Subjects: Seven non-diabetic, non-smoking, unrestrained obese men (age 37.4+/-18.5; BMI 40.02+/-10. 93 kg/m-2) were recruited for this study. Subjects were not told the precise reasons for this study but rather were informed that changes in blood glucose, insulin and free fatty acids with meal frequency were to be monitored.
Measurements: Blood glucose, serum insulin and free fatty acid (FFA) concentrations, and visual analogue scales (VAS) were measured prior to commencing the feeding regime and thereafter hourly for 5 h. Thereafter an ad libitum meal was given. The weight (and energy content) of the food consumed, and the time taken to eat lunch were recorded. Following this ad libitum lunch, the same variables were determined again (15, 45, and 75 min post-test meal).
Results: When given a SINGLE pre-load, 27% more (t=2.651; P<0.05) energy was consumed in the ad libitum test meal (5261+/-1289 kJ) compared to that eaten after the MULTI pre-load (3763+/-1986 kJ). This increase in food intake occurred despite no significant change in subjective hunger ratings.

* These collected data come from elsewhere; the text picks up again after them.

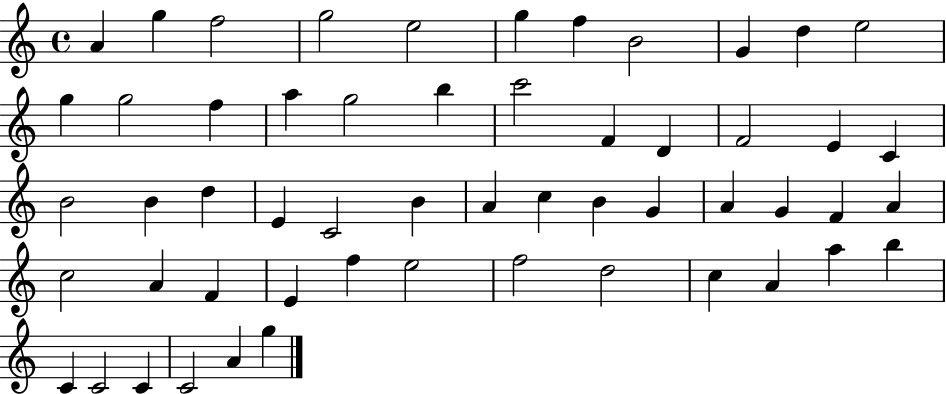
X:1
T:Untitled
M:4/4
L:1/4
K:C
A g f2 g2 e2 g f B2 G d e2 g g2 f a g2 b c'2 F D F2 E C B2 B d E C2 B A c B G A G F A c2 A F E f e2 f2 d2 c A a b C C2 C C2 A g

Over the 315 min pre-load period, peak insulin concentrations were significantly higher (F6,72=7.95, P<0.01) on the SINGLE treatment (171.2+/-129.8 microU ml-1) than on the MULTI treatment (133.7+/-70.2 microU ml-1). Serum insulin remained elevated for longer on the MULTI meal treatment, resulting in no difference in the area under the insulin curves between the two feeding treatments. There was a positive correlation (r=0.87) between the amount of energy consumed at lunch and insulin concentration before lunch in the SINGLE group. However, this relationship was not apparent when subjects were given the MULTI meal preload.
Conclusion: Obese males fed an isoenergetic pre-load sub-divided into a multi-meal plan consumed 27% less at a subsequent ad libitum test meal than did the same men when given the pre-load as a single meal. Prolonged but attenuated increases in serum insulin concentration on the multi-meal programme may facilitate this acute reduction in appetite.